We duly obliged and found ourselves in the thick of lots of worthies. Some were clad in thick outdoor clothing probably hewn out of Kevlar. Some wore green camouflage gear appropriate for the kind of jungle warfare they would probably find themselves involved in in Vietnam. One man had come as an English huntin’, shootin’ and fishin’ country gentleman in plus fours and a dashing brown brimmed hat. One Scot had arrived in a smart black and white houndstooth kilt. I don’t know what things are coming to, he wouldn’t have got in the country during the Emperor’s time. The place has gone to the dogs.
Training School
The 2 team leaders wandered amongst us, making introductions and confirming with us which Cell we would be in. Our team leader was really quite serene, compared with Jimmy, a young clean-cut man with a booming southern accent.He was either ex-SAS or had made very good in the City. Up to my usual standards of assessing people, it later turned out that he was a roofer by trade. Although she dealt with situations quite calmly and directly, Serena still left our ears barely capable of hearing the rest of her instructions after the 1st minute of her invective.

,We marched to the Gallery at Lanercost to fill in disclaimers that we would’t sue Hadrian’s Wall Heritage Ltd. in the event of us losing an eye, a leg or an arm. Or perhaps all 3. We filled in a form advising our next of kin it had been our own idea to play about with flares and gas in the event that we shuffled off this mortal coil later in the day. Finally we were each given a hi-vis vest and a large orange sticker to write our name on, so that we wouldn’t have to shout “Oi! you! Point that flare away from me” but rather “Oi! Janet! Point that flare away from me”. Most importantly of all we got a Food ticket to get a sandwich and soup, to energise us.
All that done, we returned through the car park and on to a large patch of ground at the side of the Priory for demonstrations of various incendiary devices we’d be expected to wield. First on the agenda was a dangerous looking unit of 2 propane gas cylinders, linked together by a brass Y tube, which in turn fed released gas into an orange tube, leading to a mini brazier at the top of a 7 foot long metal pole. I began to feel a bit nervous.

Serena gave us the demo, building up the burner from out of a cardboard box, ‘which must be kept and used to store the litter of plastic bags and paper instructions the goods are packed in’. Conservation was the name of the game.
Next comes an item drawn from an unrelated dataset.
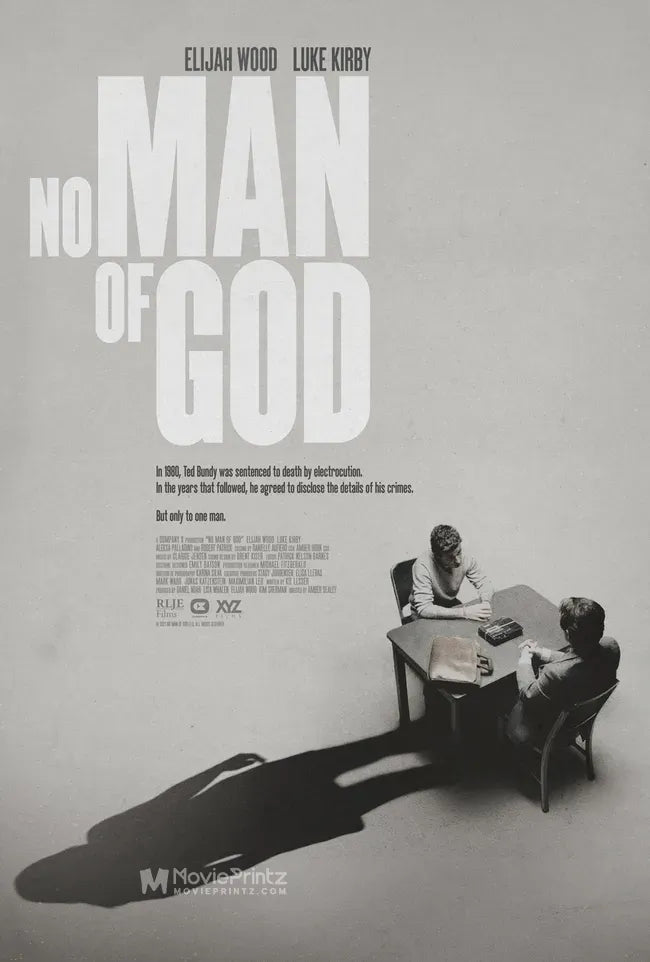 No Man of God Poster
Helpfully Serena announced what she was doing with every turn of the spanner, and how to make sure we didn’t set casual bystanders on fire. She told us again how we shouldn’t, under any circumstance, litter the area around the Wall, with plastic bags or instructions, nor with the caps from flares fired 30 feet into the air on starting up the infernal devices, as pronounced by English Heritage.
Next we were asked to ‘buddy up’. The 25th member of the crew would have to adhere to a group of 2 buddies, making a crowd of 3. It was now that I held the Wilson Staff firmly by my side, in case she fancied buddying up with anyone else. After a struggle, we knew which side our bread was buttered on, for richer or poorer, better or worse.
Break it down
Volunteers to check that the brazier had cooled sufficiently and take the whole machinery apart, were sought. Rob Roy and his buddy came on to the scene and made a good job of taking the apparatus down. Further volunteers were asked for. After a couple of half-hearted attempts I finally managed to persuade Marion we were caught between the devil and potential loss of a much cherished limb. We should avoid using the flares (the full lethal potential of which had not yet been demonstrated to us) and opt for the relative civility of a gas burner. It was then my wife said she’d rather hoped to hold a Roman Candle up in the air for their reported burn-time of 40 minutes. Much to my credit, I ignored this attempted fooldhardiness.
We took the next burner apart. Thankfully the Wilson Staff had been paying closer consideration than my limited attention span will allow, and muttered things like “No not that one”, “Use the spanner”, “No, take off that red thing first!” etc. We made a suitable fist of it and thought we must have passed.
Finally Jimmy called us all over to watch him light a flare. He said “I’m going to tell you the A B C D E and F of using these flares”. Again my attention span had let me down. However I do remember that he said, whilst looking a bit sweaty and pale, under the white hot plume of flame being emitted by the flare he had E-xtended (yes that was the E word) above his head, “And finally F. These things are eFfin’ ‘ot and I do advise you to keep hold of the plastic handle, and on no account touch the red hot metal above there or your fingers will fuse to the casing”. It was at this point that I intoned, and not for the 1st time, to anyone who would listen, that under no circumstance would I ever be persuaded to light a flare.
By coach to Banks
After yet another trip to the toilet we boarded the coach. It turned out that we travelled only 4 miles to Banks. Volunteers to ‘walk on the grass’ were requested at one of the 2 stops we made on the journey. Someone (I know not whom) intoned that as walking on water was one of my strengths, we should hang on, to find out what the 2nd miracle might be. Alas the 2nd drop-off point turned out to be a t-junction in the middle of nowheresville.
We followed the serene one to the back of the coach, where she’d been hiding a large transit van. Hauling a 13kg canister of propane gas is not my usual idea of Saturday afternoon fun, but I managed to avoid bruising my shins and dropped it gratefully near a tree, by a small hillock of rock salt left over from the winter travails. Coming to, I gazed around this god forsaken spot, vainly searching for just a tiny piece of the Wall. One ancient stone would have done. But there was a ditch. So all wasn’t lost then.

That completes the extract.